*Your instructions*: Lines of the listing below that contain the string "Clear" are to be returned.

———

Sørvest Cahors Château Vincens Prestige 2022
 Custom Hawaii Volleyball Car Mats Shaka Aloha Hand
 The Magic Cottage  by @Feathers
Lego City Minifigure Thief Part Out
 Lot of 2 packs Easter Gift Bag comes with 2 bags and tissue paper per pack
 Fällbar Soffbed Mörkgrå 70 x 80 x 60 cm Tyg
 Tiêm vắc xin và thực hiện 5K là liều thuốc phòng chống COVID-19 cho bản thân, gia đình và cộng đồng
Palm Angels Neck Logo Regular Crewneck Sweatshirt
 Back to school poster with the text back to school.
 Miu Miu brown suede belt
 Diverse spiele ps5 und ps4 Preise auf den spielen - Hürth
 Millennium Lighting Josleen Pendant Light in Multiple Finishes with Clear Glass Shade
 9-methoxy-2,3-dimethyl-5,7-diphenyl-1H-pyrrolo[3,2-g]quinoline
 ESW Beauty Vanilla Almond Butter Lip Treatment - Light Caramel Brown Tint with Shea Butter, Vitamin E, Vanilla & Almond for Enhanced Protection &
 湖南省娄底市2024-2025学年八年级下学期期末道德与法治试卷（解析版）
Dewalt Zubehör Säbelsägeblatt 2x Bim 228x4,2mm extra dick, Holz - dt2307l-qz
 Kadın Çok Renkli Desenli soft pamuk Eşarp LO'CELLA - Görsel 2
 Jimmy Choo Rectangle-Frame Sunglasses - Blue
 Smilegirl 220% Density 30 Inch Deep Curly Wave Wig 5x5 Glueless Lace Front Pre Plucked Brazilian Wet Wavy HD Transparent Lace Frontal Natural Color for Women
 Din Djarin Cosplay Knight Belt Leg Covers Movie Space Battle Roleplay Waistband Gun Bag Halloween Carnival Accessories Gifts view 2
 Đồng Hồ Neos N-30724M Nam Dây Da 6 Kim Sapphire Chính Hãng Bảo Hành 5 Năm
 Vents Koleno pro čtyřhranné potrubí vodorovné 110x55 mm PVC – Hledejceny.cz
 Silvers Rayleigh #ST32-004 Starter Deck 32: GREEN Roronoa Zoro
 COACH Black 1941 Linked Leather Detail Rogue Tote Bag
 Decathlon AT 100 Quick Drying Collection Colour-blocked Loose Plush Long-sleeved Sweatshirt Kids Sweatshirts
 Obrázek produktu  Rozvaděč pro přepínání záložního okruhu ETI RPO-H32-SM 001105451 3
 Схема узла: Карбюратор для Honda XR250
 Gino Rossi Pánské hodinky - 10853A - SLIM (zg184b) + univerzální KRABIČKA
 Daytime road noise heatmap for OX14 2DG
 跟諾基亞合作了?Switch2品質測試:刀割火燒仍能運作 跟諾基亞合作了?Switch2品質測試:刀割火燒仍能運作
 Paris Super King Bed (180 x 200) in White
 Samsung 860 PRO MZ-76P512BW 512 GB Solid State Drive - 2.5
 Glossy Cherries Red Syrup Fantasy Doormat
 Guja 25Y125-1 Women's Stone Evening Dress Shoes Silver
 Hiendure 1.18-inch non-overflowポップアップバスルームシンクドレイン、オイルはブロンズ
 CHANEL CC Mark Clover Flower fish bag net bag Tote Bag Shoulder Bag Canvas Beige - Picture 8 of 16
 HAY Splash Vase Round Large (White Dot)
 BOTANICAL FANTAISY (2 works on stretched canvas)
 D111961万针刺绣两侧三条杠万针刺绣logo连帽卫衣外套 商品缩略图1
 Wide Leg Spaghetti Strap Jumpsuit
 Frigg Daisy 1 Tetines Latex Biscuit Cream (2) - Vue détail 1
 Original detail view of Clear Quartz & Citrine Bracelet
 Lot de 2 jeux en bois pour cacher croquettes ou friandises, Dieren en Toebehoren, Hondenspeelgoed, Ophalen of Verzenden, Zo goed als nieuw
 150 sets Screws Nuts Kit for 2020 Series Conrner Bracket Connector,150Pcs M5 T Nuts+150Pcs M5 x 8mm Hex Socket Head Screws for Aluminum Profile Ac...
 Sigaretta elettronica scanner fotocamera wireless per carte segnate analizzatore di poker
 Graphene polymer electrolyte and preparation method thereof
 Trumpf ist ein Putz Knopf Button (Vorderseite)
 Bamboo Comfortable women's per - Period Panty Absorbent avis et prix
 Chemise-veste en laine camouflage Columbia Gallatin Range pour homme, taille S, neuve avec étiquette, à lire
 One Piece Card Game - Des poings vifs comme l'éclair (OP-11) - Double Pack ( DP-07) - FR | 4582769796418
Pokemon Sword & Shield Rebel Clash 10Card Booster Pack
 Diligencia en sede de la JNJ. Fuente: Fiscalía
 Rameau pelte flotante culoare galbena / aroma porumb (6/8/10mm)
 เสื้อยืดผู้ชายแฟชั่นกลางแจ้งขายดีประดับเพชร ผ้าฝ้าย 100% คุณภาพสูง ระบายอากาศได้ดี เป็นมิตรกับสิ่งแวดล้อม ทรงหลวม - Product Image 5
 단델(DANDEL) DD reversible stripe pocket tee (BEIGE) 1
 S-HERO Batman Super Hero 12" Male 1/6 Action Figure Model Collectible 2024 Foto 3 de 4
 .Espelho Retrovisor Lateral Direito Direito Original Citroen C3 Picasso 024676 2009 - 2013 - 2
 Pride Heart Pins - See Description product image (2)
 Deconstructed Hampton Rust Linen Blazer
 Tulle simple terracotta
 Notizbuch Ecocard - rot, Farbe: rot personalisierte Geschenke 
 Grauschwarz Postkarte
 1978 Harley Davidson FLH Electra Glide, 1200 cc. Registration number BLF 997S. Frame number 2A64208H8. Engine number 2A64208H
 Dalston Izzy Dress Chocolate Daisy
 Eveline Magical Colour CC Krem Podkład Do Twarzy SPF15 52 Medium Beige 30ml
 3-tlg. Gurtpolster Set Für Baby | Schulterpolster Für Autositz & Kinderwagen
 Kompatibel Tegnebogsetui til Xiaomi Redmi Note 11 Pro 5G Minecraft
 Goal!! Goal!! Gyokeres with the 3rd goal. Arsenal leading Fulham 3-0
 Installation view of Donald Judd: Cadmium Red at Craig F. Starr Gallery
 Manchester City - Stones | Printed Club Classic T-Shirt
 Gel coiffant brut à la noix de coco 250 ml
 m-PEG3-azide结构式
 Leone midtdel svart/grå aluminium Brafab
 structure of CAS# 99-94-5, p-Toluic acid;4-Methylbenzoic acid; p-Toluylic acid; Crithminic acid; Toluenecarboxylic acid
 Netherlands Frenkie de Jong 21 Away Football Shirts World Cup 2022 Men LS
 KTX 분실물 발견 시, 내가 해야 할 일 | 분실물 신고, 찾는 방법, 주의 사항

———

*Result for this exercise*:
 Millennium Lighting Josleen Pendant Light in Multiple Finishes with Clear Glass Shade
 Original detail view of Clear Quartz & Citrine Bracelet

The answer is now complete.